I have not seen too much in the way of guidance for monitoring and tuning content feeding for SharePoint 2013. This post will cover isolating the bottleneck in your feeding chain. In a future post, I will cover how to address these bottlenecks. But, in most cases you will simply need to add more instances of a component or hardware resources. If you are familiar with the content feed monitoring and tuning process for Fast Search for SharePoint 2010, the process is basically the same for SP2013. This article is starting for monitoring the performance of content feeding in SharePoint 2013. The focus is on the SharePoint 2013 counters; as guidance for system level counters is already provided elsewhere.

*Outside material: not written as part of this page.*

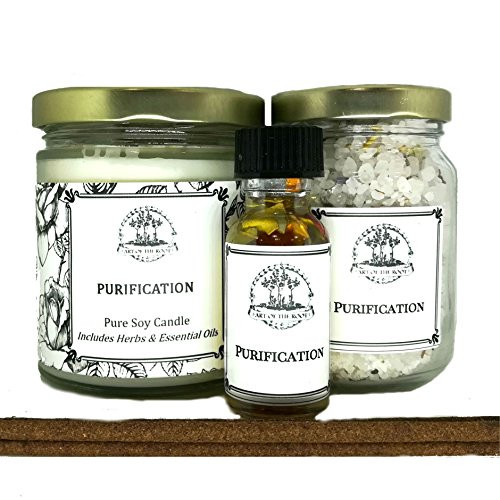 Art of the Root Purification Spell Kit for Negativity Spiritual Cleansing  and  to Dispel Unwanted Influences Wiccan Pagan Hoodoo Conjure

Note: some of the thresholds are a rough estimate and may be replaced by more formal product documentation or field experience in the future.
The main components in the feeding chain are:
Content Processing Component
Here are some useful counters to monitor for each component.
Search Gatherer Projects -SharePointServerSearch\Transactions Waiting
Search Gatherer Projects -SharePointServerSearch\Transactions In Progress
Search Gatherer Projects -SharePointServerSearch\Transactions Completed
Search Gatherer - SharePointServerSearch\ThreadsAccessing Network
Search Gatherer -SharePointServerSearch\Threads Filtering
Search Gatherer -SharePointServerSearch\Threads Idle
Search Submission Service\# Pending Items
Search Flow Statistics\# Items Queued ForProcessing
Search Flow Statistics\Input Queue Empty Time
Search Flow Statistics\Input Queue Full Time
When we begin content tuning we need to isolate the bottleneck in the feeding chain. I find it useful to approach this as a two step process. First we want to determine if the bottleneck occurs prior to the search subsystem (Upstream) or after hitting the search subsystem (Downstream). You could also look at these two pieces as content acquisition and content processing.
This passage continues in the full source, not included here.